## [Task to carry out]
Beginning with the line that contains "606 - 320 Mill", output each line below exactly through the last one, both included, and nothing else.

□ □ □ □ □

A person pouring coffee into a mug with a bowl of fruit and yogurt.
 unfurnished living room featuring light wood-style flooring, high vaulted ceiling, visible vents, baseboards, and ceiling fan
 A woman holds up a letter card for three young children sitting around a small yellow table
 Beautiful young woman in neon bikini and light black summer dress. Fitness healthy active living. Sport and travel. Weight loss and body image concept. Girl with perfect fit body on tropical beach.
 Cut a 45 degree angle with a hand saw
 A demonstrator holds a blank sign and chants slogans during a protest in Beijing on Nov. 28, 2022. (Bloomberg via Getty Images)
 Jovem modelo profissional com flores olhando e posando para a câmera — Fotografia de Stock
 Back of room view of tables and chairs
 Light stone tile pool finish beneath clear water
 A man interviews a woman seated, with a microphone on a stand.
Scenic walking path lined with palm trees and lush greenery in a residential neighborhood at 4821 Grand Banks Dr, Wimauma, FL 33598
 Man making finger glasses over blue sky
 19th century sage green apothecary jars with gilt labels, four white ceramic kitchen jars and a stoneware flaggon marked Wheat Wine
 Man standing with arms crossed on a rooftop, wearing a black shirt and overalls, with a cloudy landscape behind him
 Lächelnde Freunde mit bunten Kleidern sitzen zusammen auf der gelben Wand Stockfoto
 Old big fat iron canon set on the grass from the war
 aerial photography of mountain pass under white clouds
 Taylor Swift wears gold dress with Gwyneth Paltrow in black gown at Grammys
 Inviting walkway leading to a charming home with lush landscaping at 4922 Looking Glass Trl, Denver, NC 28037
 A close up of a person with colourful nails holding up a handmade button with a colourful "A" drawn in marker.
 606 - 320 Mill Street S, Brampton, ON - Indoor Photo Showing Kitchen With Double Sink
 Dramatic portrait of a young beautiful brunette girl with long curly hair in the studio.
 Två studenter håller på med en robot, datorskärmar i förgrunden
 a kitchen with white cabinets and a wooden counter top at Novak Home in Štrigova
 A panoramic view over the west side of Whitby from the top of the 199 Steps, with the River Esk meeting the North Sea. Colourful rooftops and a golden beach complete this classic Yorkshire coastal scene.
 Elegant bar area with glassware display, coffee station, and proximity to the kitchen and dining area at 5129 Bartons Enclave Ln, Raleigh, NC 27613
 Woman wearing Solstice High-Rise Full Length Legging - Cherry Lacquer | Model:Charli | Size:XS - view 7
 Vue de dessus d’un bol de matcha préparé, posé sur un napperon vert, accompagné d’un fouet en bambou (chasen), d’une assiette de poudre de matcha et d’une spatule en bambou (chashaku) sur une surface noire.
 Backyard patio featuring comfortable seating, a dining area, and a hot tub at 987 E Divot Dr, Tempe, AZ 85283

□ □ □ □ □

## [Answer to this problem]
 606 - 320 Mill Street S, Brampton, ON - Indoor Photo Showing Kitchen With Double Sink
 Dramatic portrait of a young beautiful brunette girl with long curly hair in the studio.
 Två studenter håller på med en robot, datorskärmar i förgrunden
 a kitchen with white cabinets and a wooden counter top at Novak Home in Štrigova
 A panoramic view over the west side of Whitby from the top of the 199 Steps, with the River Esk meeting the North Sea. Colourful rooftops and a golden beach complete this classic Yorkshire coastal scene.
 Elegant bar area with glassware display, coffee station, and proximity to the kitchen and dining area at 5129 Bartons Enclave Ln, Raleigh, NC 27613
 Woman wearing Solstice High-Rise Full Length Legging - Cherry Lacquer | Model:Charli | Size:XS - view 7
 Vue de dessus d’un bol de matcha préparé, posé sur un napperon vert, accompagné d’un fouet en bambou (chasen), d’une assiette de poudre de matcha et d’une spatule en bambou (chashaku) sur une surface noire.
 Backyard patio featuring comfortable seating, a dining area, and a hot tub at 987 E Divot Dr, Tempe, AZ 85283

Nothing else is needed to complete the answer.